Une population qui ne morigène pas.

La façade des immeubles est lézardée mais les visages se doivent de rester neutres. J’ai suffisamment vécu en Asie pour savoir qu’un sourire peut masquer la détresse, les larmes cacher l’impuissance. Ici, on ne hurle pas sa douleur, on pleure silencieusement en souriant doucement et en cachant ses dents.

On ne perd pas la face.

Le Gouvernement gère la crise comme il peut, même si le pays est bien préparé. Une catastrophe de cette ampleur reste toujours une crise, où les priorités se télescopent. Que faire ? Par où commencer ? Où aller ? Comment y aller ? Les messages contradictoires sur le risque nucléaire ne sont pas rassurants.

Bien entendu, ce calme apparent cache un désarroi qui demain, sans doute, virera vers la colère. La confiance en leur Gouvernement risque d’être ébranlée, les bureaucrates seront visés, les lenteurs analysées, les messages contradictoires passés au crible par des médias peu complaisants et très puissants. Les Japonais ne sont pas des moutons.

Plus tard. Pour le moment, la peur se terre au fond des yeux. Il y a la catastrophe qui se voit – les immeubles lézardés, les maisons détruites, les morts invisibles ensevelis, deux gens comme vous et moi – et celle qui s’évapore dans les airs, invisible et sournoise et qui n’a pas fini de faire parler d’elle faute de savoir de quoi il en retourne, exactement.

Oui, je suis touché par la dignité et la discipline de cette population. Vous savez, celle qui vient chez nous, dont les us et coutumes nous font souvent sourire en coin, que l’on voit trottiner à la queue leu leu derrière leur guide et prenant des photos dans tous les sens, ouvrant leur portefeuille généreux aussi sûrement que la focale de leur portable et appareils photo. Qui fait la fortune des groupes LVMH et Richemont.

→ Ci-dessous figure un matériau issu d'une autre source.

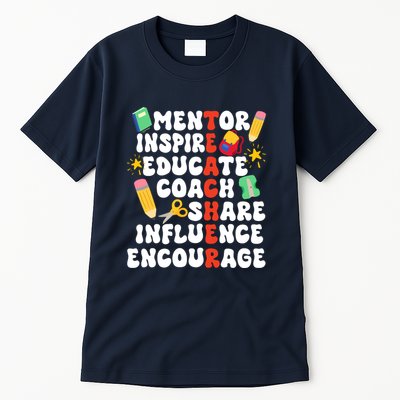 Mentor Inspire Educate Coach Share Influence Encourage Teacher Back To School Tall T-Shirt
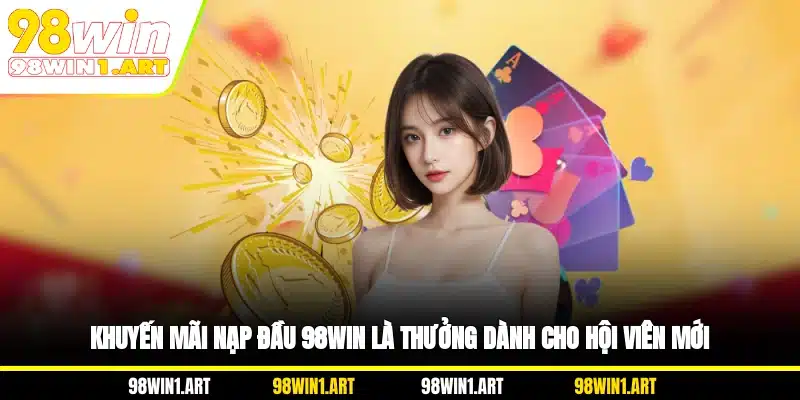 Khuyến mãi nạp đầu 98WIN là thưởng dành cho hội viên mới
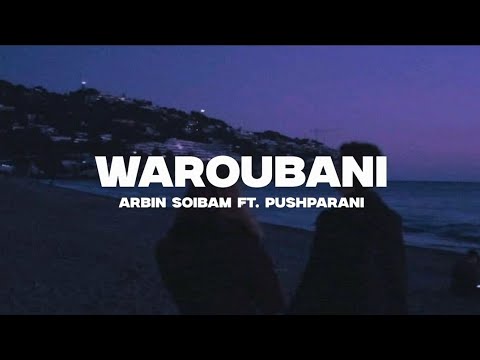 Waroubani (Lyrics) - Arbin Soibam | Pushparani | New maninpuri song 2024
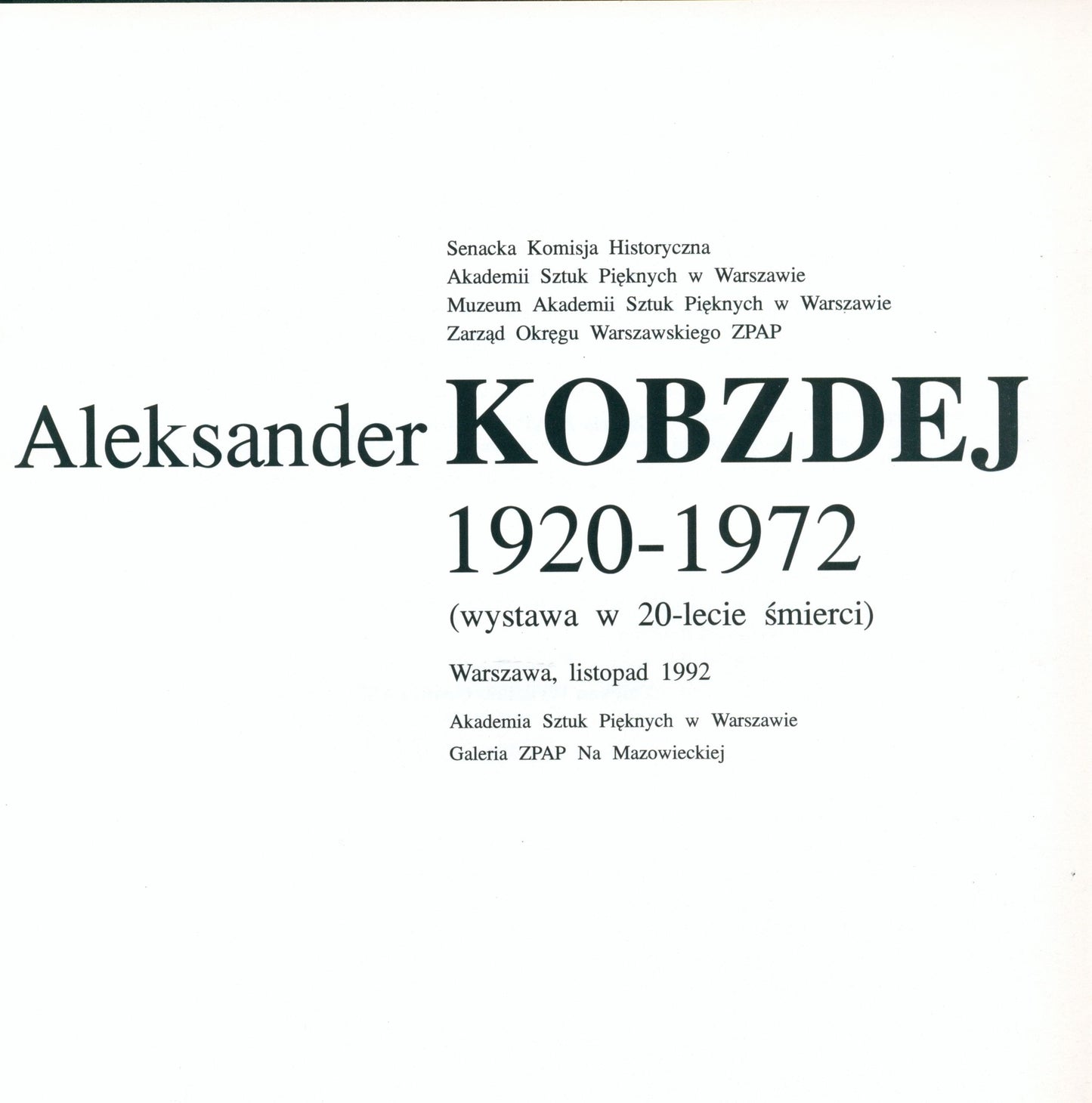Aleksander Kobzdej 1920-1972 (wystawa w 20-lecie śmierci)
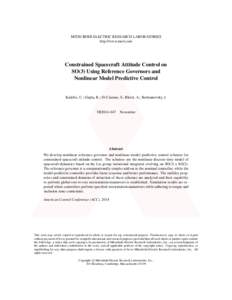 MITSUBISHI ELECTRIC RESEARCH LABORATORIES http://www.merl.com Constrained Spacecraft Attitude Control on SO(3) Using Reference Governors and Nonlinear Model Predictive Control
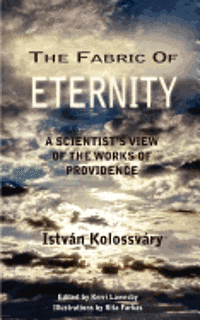 The Fabric of Eternity. A Scientist's View of the Works of Providence 1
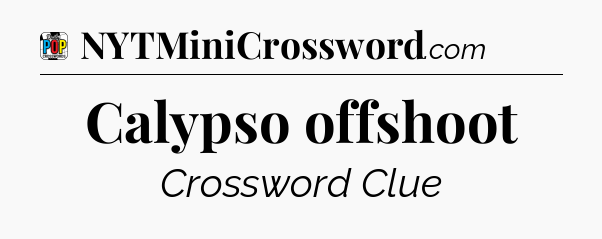 Calypso offshoot Crossword Clue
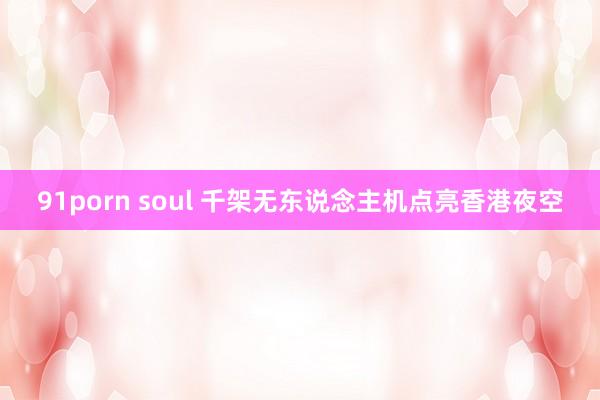 91porn soul 千架无东说念主机点亮香港夜空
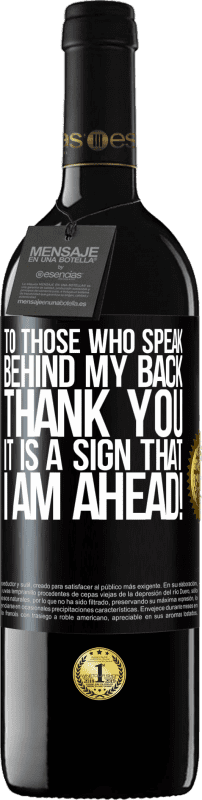 39,95 € Free Shipping | Red Wine RED Edition MBE Reserve To those who speak behind my back, THANK YOU. It is a sign that I am ahead! Black Label. Customizable label Reserve 12 Months Harvest 2015 Tempranillo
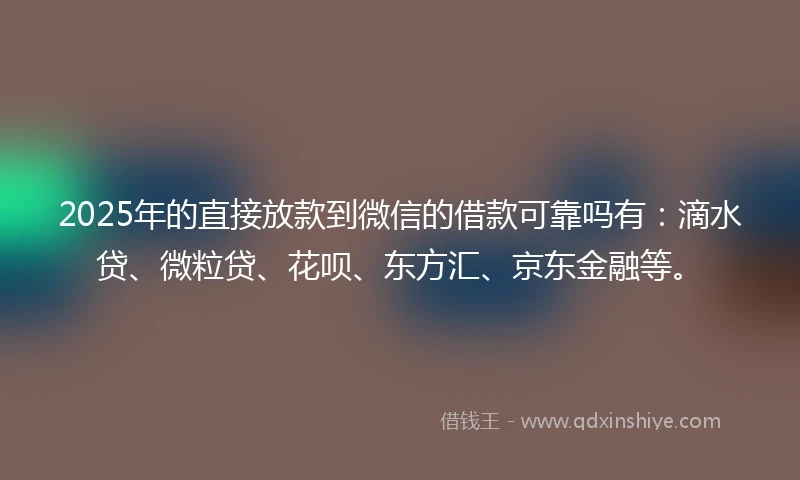 2025年的直接放款到微信的借款可靠吗有：滴水贷、微粒贷、花呗、东方汇、京东金融等。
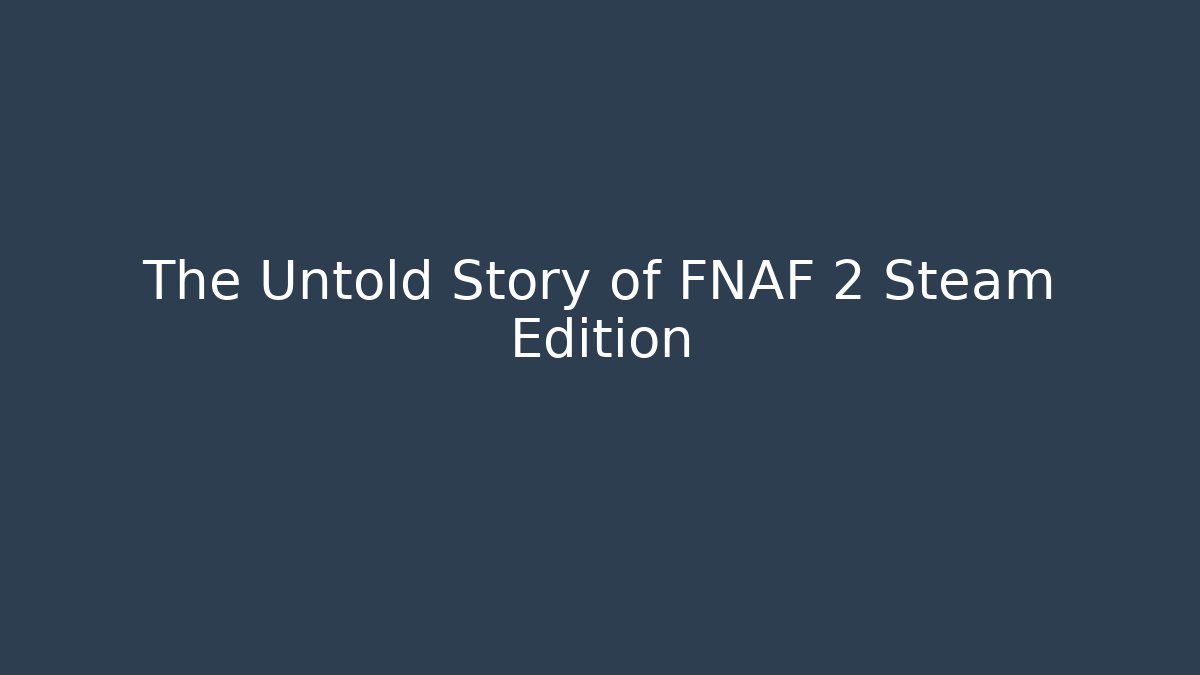 The Untold Story of FNAF 2 Steam Edition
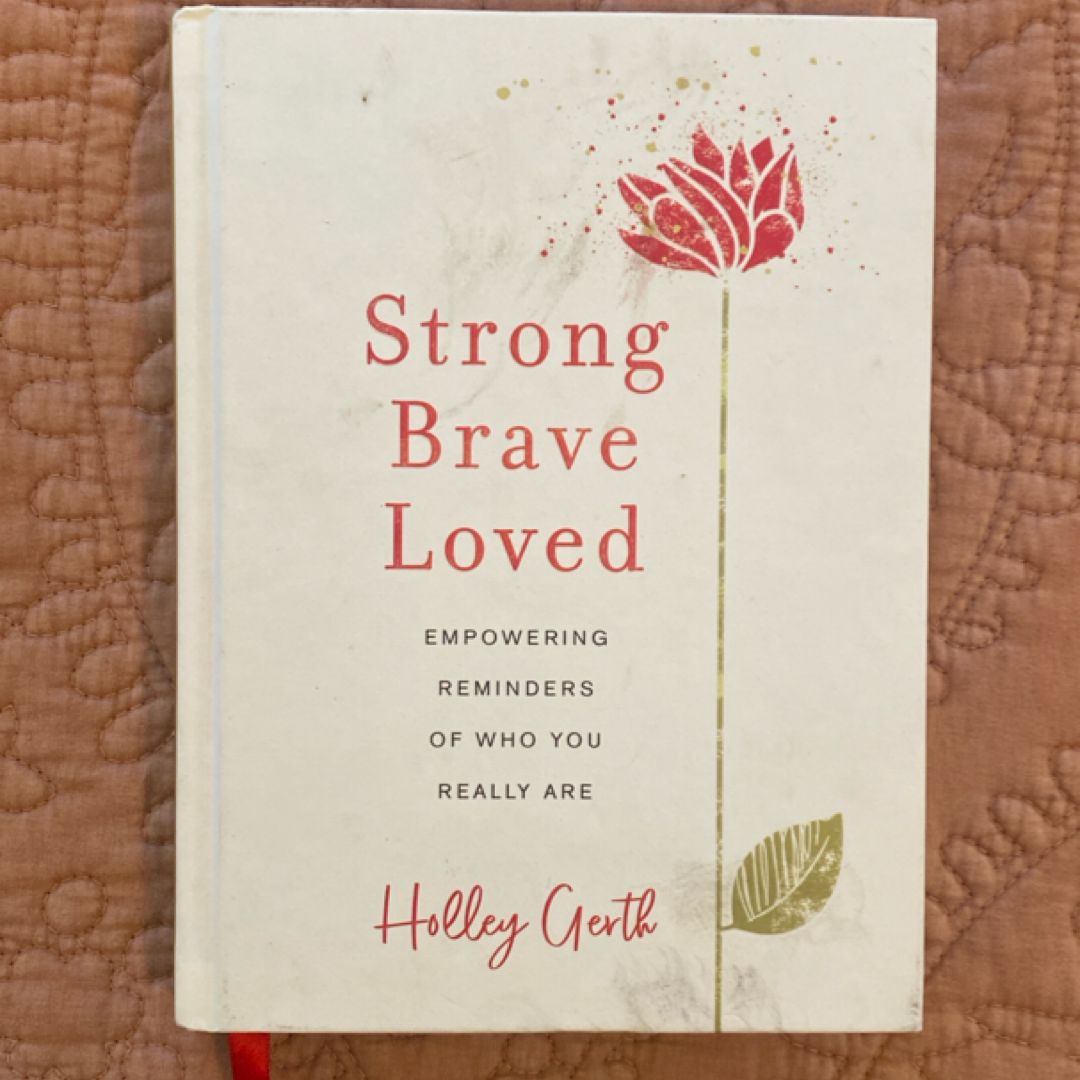 Strong, Brave, Loved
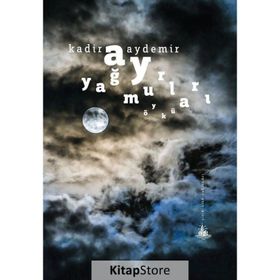 Ay Yağmurları - Kadir Aydemir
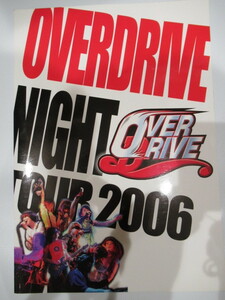 ■■OVERDRIVE NIGHT TOUR 2006　本■■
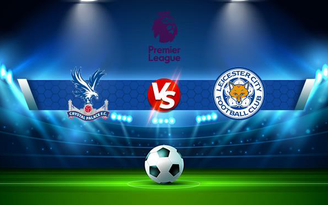 Trực tiếp bóng đá Crystal Palace vs Leicester City, Premier League, 20:00 03/10/2021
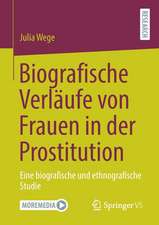 Biografische Verläufe von Frauen in der Prostitution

Le Japon est un pays développé. Mais c’est aussi un archipel de 6000 îles, longtemps fermé aux étrangers, tiraillé par un modernisme forcené et dérangeant et un archaïsme social déroutant. Un pays où la communauté joue un rôle essentiel pour comprendre la société dans laquelle la population s’entrecroise. Un pays qui a appris à se battre psychologiquement, et non pas uniquement techniquement, contre les Eléments.

Je me rappelle le tsumani de 2004 (que j'avais évoqué ici). Et quand je vois les images aujourd’hui, je me rappelle hier avec un picotement familier dans l’estomac et des larmes qui perlent.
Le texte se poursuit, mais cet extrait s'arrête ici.